(Caption-style text data)
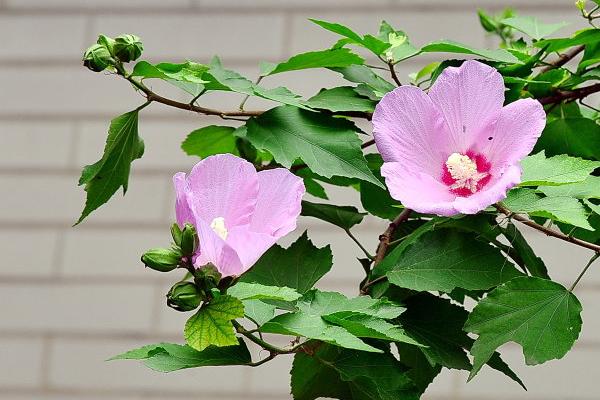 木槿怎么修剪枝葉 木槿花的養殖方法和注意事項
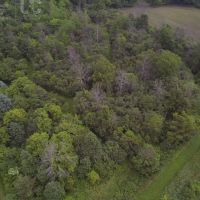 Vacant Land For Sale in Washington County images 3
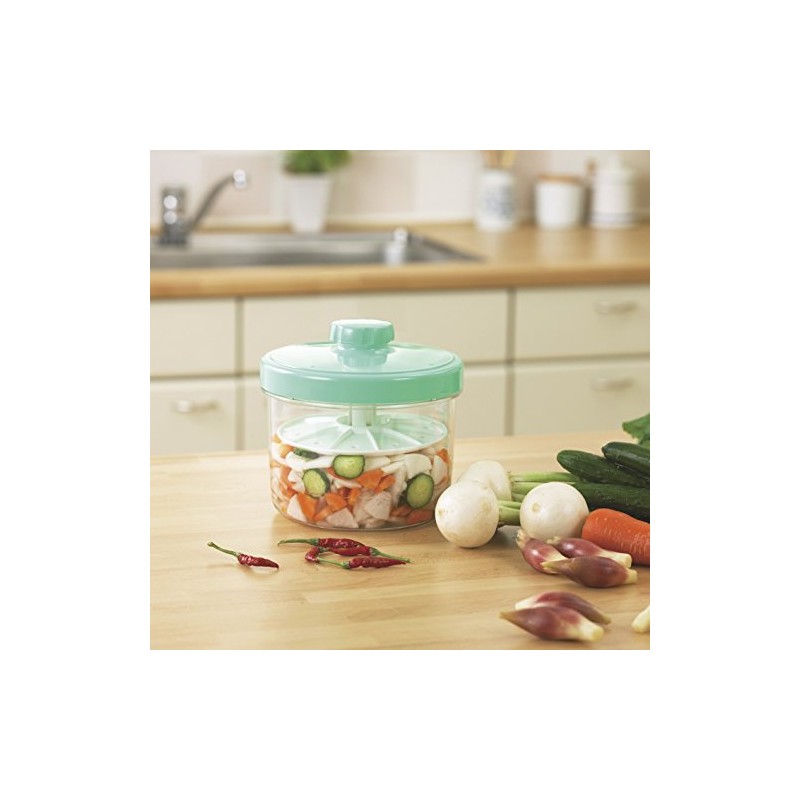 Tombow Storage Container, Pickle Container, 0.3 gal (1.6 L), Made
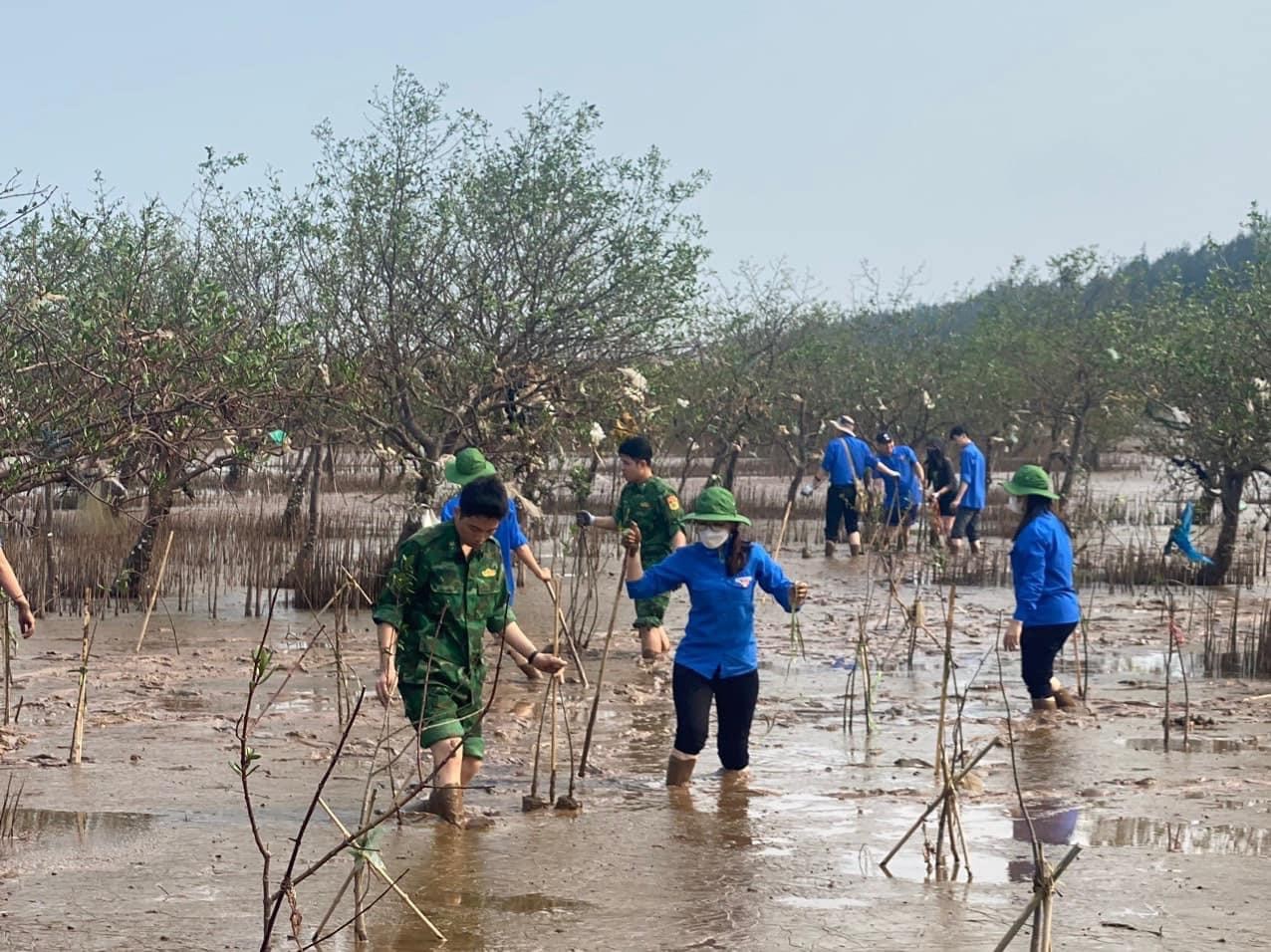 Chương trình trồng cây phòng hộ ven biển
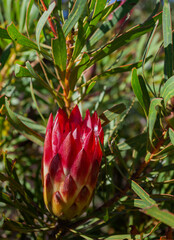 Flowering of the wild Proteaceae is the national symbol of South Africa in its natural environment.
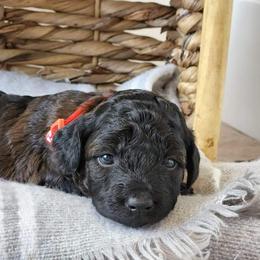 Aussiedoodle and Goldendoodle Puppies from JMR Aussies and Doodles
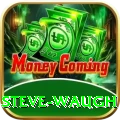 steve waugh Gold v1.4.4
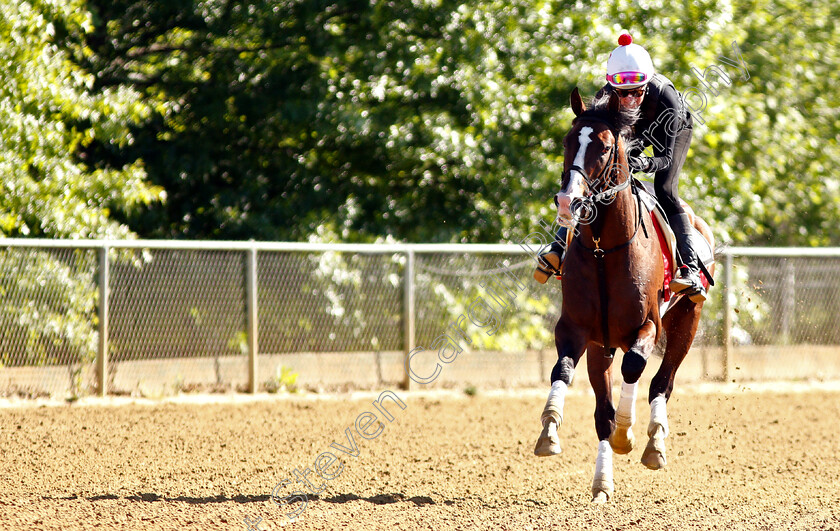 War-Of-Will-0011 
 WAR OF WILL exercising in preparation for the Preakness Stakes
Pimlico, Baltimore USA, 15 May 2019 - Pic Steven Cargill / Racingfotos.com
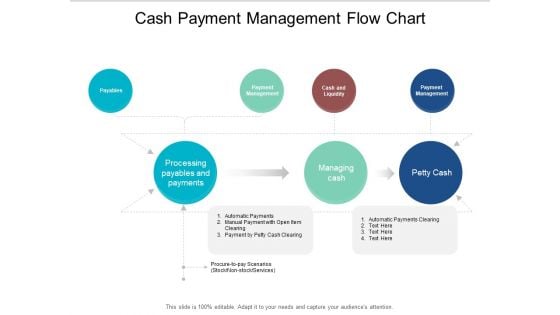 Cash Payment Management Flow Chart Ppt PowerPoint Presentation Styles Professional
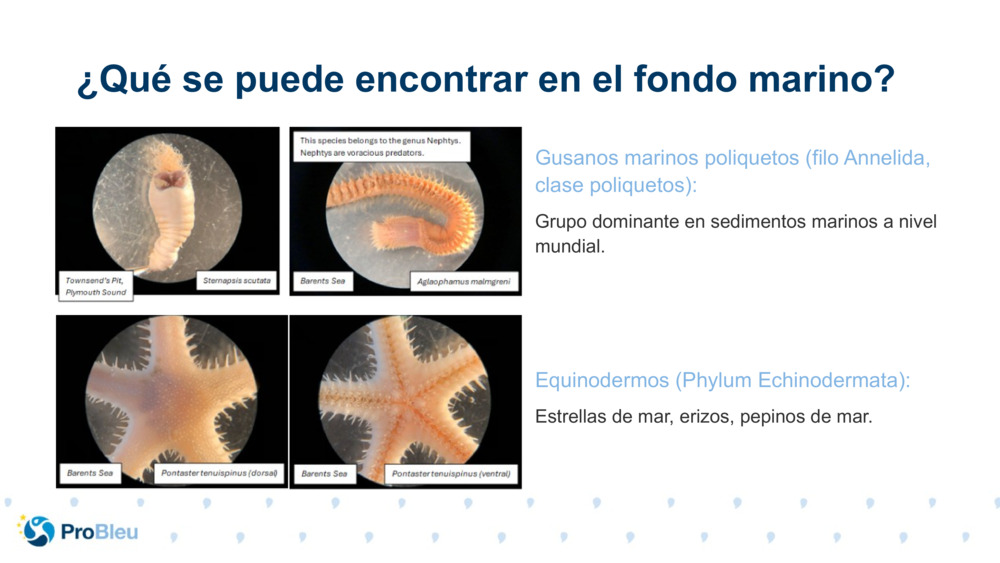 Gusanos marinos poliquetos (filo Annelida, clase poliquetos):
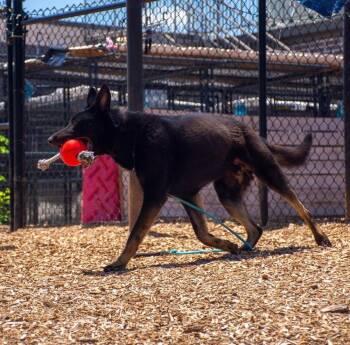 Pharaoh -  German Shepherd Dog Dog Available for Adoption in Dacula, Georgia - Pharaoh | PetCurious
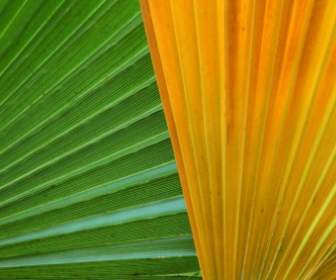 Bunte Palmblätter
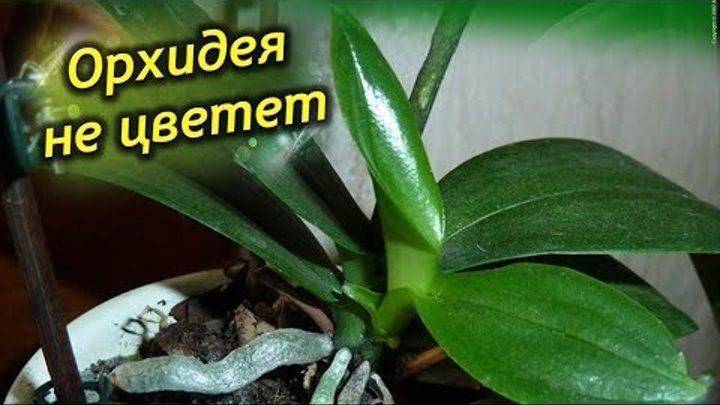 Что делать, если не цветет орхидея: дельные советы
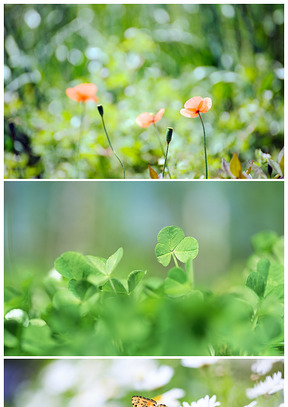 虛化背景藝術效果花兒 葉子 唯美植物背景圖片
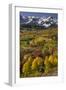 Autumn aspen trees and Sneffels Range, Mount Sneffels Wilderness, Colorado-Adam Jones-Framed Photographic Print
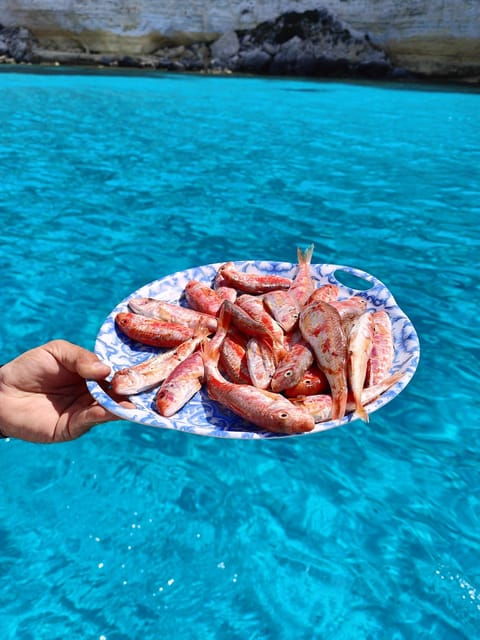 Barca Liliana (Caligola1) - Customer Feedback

__What to work on__
From the first line above down to the line with "Gusanos marinos poliquetos", reproduce every line and no others, omitting pictures.

__Solution__
 木槿怎么修剪枝葉 木槿花的養殖方法和注意事項
 Vacant Land For Sale in Washington County images 3
 Tombow Storage Container, Pickle Container, 0.3 gal (1.6 L), Made
 Chương trình trồng cây phòng hộ ven biển
 Flowering of the wild Proteaceae is the national symbol of South Africa in its natural environment.
 Aussiedoodle and Goldendoodle Puppies from JMR Aussies and Doodles
 steve waugh Gold v1.4.4
 War-Of-Will-0011 
 WAR OF WILL exercising in preparation for the Preakness Stakes
Pimlico, Baltimore USA, 15 May 2019 - Pic Steven Cargill / Racingfotos.com
 Cash Payment Management Flow Chart Ppt PowerPoint Presentation Styles Professional
 Gusanos marinos poliquetos (filo Annelida, clase poliquetos):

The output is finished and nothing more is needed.